THE TASK
Please retype the listing exactly as it appears, skipping each picture.

COLLECTED DATA
..............................
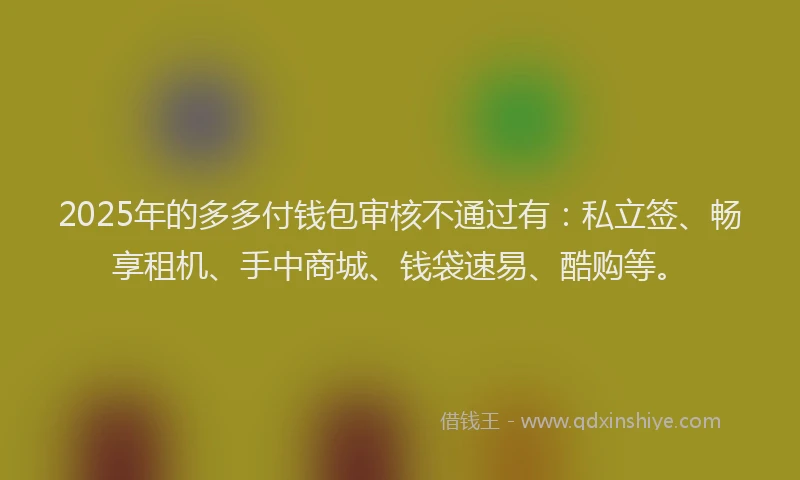 2025年的多多付钱包审核不通过有:私立签、畅享租机、手中商城、钱袋速易、酷购等。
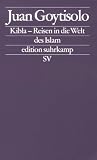Kibla - Reisen in die Welt des Islams (edition suhrkamp) - Juan Goytisolo, Thomas Brovot, Christian Hansen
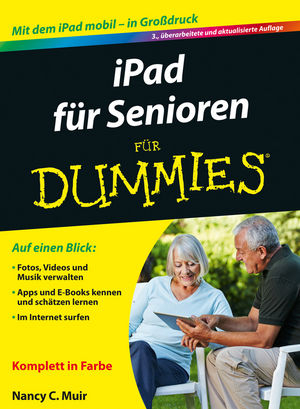 iPad für Senioren für Dummies - Nancy C. Muir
..............................
TASK ANSWER
 2025年的多多付钱包审核不通过有:私立签、畅享租机、手中商城、钱袋速易、酷购等。
Kibla - Reisen in die Welt des Islams (edition suhrkamp) - Juan Goytisolo, Thomas Brovot, Christian Hansen
 iPad für Senioren für Dummies - Nancy C. Muir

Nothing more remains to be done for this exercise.